I read excerpts of Hess's work, Rome and Jerusalem, (1862), in the same volume compiled by Hertzberg. It is basically a treatise about how necessary a Jewish national homeland is to the safety and success of the Jewish people, but also about his conviction that without nationalism, there's not much point to Judaism. He's pretty aggressive towards Jewish 'reformists' that he sees as denying their roots and trying to dissolve themselves into western culture, which he's certain will not end well for them. He particularly writes about how even conversion won't do much good for German Jews, as most Germans held racial antipathy towards Jews more than religious antipathy, and all of this was, of course, pretty chilling foreshadowing. Here are some of the quotes I found most interesting:
"...the tendency of some Jews to deny their racial descent is equally fordoomed to failure. Jewish noses cannot be reformed, and the black, wavy hair of the Jews will not be changed into blond by conversion or straightened out by constant combing." (121)

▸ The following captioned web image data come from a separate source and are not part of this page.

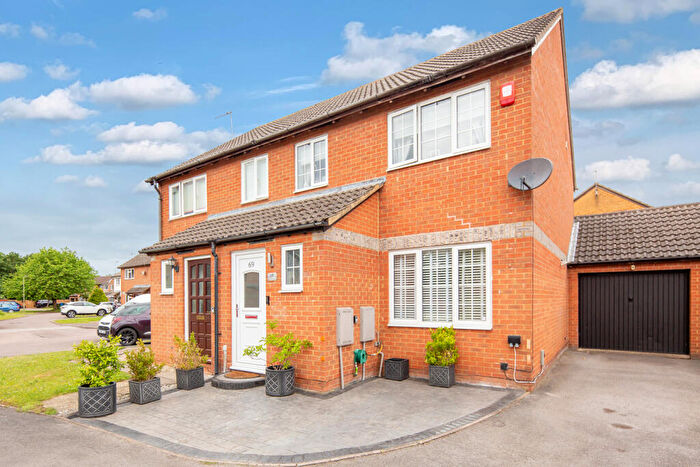 3 Bedroom Semi-Detached House For Sale In Kestrel Way, Bicester, Oxfordshire, OX26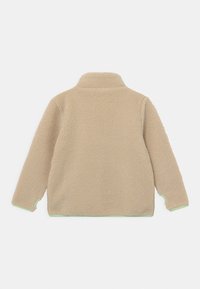 Beige Fleecejacke mit hohem Kragen, strukturiertem Ober surface und kontrastierenden hellgrünen Akzenten an den Bündchen und am Saum. Keine sichtbaren Verschlüsse.
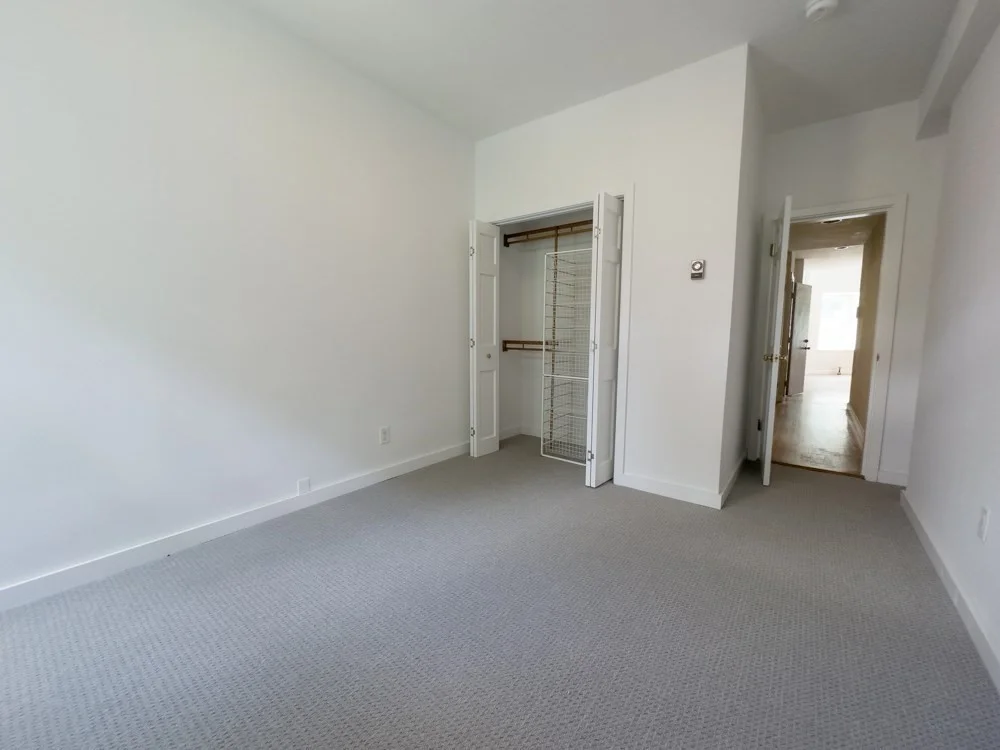 4 bed, 2 bath apartment for rent at 103 Cedarstreet Unit -, Roxbury — photo 18 of 30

"You may mask yourself a thousand times over; you may change your name, religion, and character; you may travel through the world incognito, so that people may not recognize the Jew in you; yet every insult to the Jewish name will strike you even more than the honest man who admits his Jewish loyalties and who fights for the honor of the Jewish name." (122)
"The Jewish religion has indeed been, as Heine thought - and with him all the 'enlightened' Jews - more of a misfortune than a religion for the last two thousand years. But our 'progressive' Jews are deluding themselves if they think they can escape this misfortune through enlightenment or conversion. Every Jew is, whether he wishes it or not, bound unbreakably to the entire nation. Only when the Jewish people will be freed from the burden which it has borne so heroically for thousands of years will the burden of Judaism be removed from the shoulders of these 'progressive' Jews, who will always form only a small and vanishing minority. It is the duty of all of us to carry 'the yoke of the Kingdom of Heaven' until the end." (136)
But for all of his sad but mostly accurate claims about the vain attempts of Jews to assimilate into Europe, Hess had his own blind bias towards the French. He repeatedly wrote about how the French were our allies in civilization and progress, and how enlightened the French were. "France, beloved friend, is the savior who will restore our people to is place in universal history." (133).
:/
It's sort of a lesson in identifying our own biases. What do we see through rose colored lenses?
Hess also asserted that it might have been better if the rabbis had never recorded the oral law because then Judaism would be more fluid and alive and progressive. Writing it down made it stagnant and formalized and halted its movement. I never really thought about this and it's a compelling argument.